Политинформации — каждый день! Кавтаськин — опять молодец! Внятно и четко рассказал и про 1920 год, и про линию Керзона, и про отношение пшеков и к пленным красноармейцам, и к жителям западных областей Украины и Белорусии.
«Хотя — это для нас они — западные, а для пшеков — совсем даже — Кресы Всходни! По-разному мы смотрим на этот вопрос, с разных сторон. Ага… «Запад есть Запад! Восток — есть Восток! И вместе им не сойтись!». Или как там было? А вот политрук-то наш, ротный — вроде неплохой мужик! И грамотный! Не только трескучими политически грамотными фразами может изъясняться!».
«Слава тебе, Хоспидя-а-а! Решились все-таки!».
Из училища поступила команда полковника Груздева, которого уже утвердили начальником, о сворачивании лагеря и вывозе батальона в пункт постоянной дислокации. Сейчас две роты грузятся на машины и отбывают. А после, оставшиеся две роты — сворачивают половину лагеря, грузят половину имущества на пришедшие вторым рейсом грузовики, ночуют в своих палатках, и на следующий день — Алга!

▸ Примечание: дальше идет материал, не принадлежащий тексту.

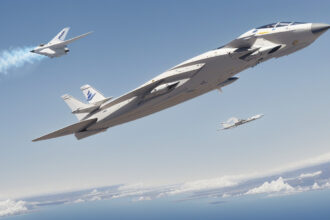 Csendesebb Repülés: A NASA Chevron Fúvókák Forradalmi Tesztjei és Hatásaik az Ipari Zajcsökkentésre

«Кто будет сворачивать вторую половину лагеря, грузить все имущество? Догадайтесь с трех раз! Правильно! Возьмите с полочки пирожок! Первый взвод второй роты! Сглазил нас кто-то, что ли?! Ладно… главное — это мытарство закончится! «А неприятность эту — мы переживем!», как пелось в одном мультике!».
«Нет… вот что человек за скотина такая, непонятная! Свернули лагерь, теперь только — переночевать в помещении штаба и уехать в теплую и благоустроенную казарму. Но! Смотришь сейчас на эту опустевшую поляну, и чего-то грустно и жалко… Как мы тут все старались обустроить… И ведь — вполне получилось, вполне! Погода подвела. А сейчас — вид убогий, заброшенный и тоскливый! «Нивы сжаты, рощи — голы!».
— Степа! А нас сейчас не «бортанут» с местом, там — в казарме? Задвинут куда-нибудь в самый неприютный угол? — поинтересовался у сержанта Косов.
— Не ссы, боец! Там со старшиной Захаровым все решено — самый уютный угол в роте наш! — оптимистично заявил Ильичев.